● **INPUT DATA**:

'''

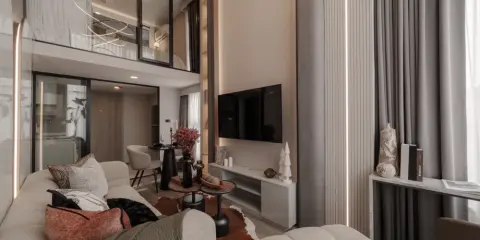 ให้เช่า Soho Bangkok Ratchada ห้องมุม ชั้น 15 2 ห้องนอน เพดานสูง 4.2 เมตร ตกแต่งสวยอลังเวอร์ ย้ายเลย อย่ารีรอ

'''
'''

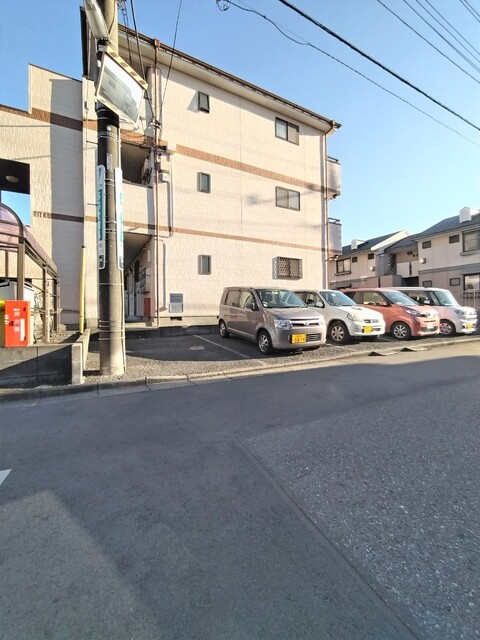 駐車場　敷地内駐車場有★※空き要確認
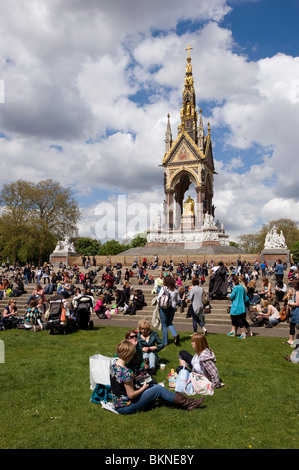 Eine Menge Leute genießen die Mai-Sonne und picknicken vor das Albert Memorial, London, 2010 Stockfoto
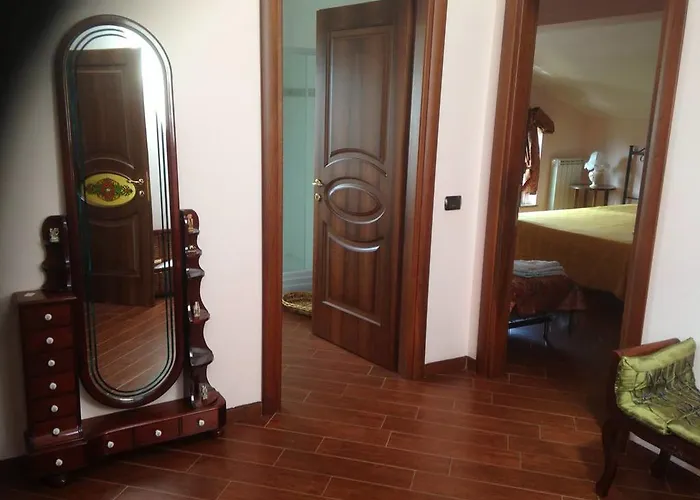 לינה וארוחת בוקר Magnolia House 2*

'''

No picture is to be printed. Output exactly the lines above from the line containing "駐車場　敷地内駐車場有★※空き要確認" through the line containing "לינה וארוחת בוקר Magnolia House 2*".

● **EXERCISE OUTPUT**:
 駐車場　敷地内駐車場有★※空き要確認
 Eine Menge Leute genießen die Mai-Sonne und picknicken vor das Albert Memorial, London, 2010 Stockfoto
 לינה וארוחת בוקר Magnolia House 2*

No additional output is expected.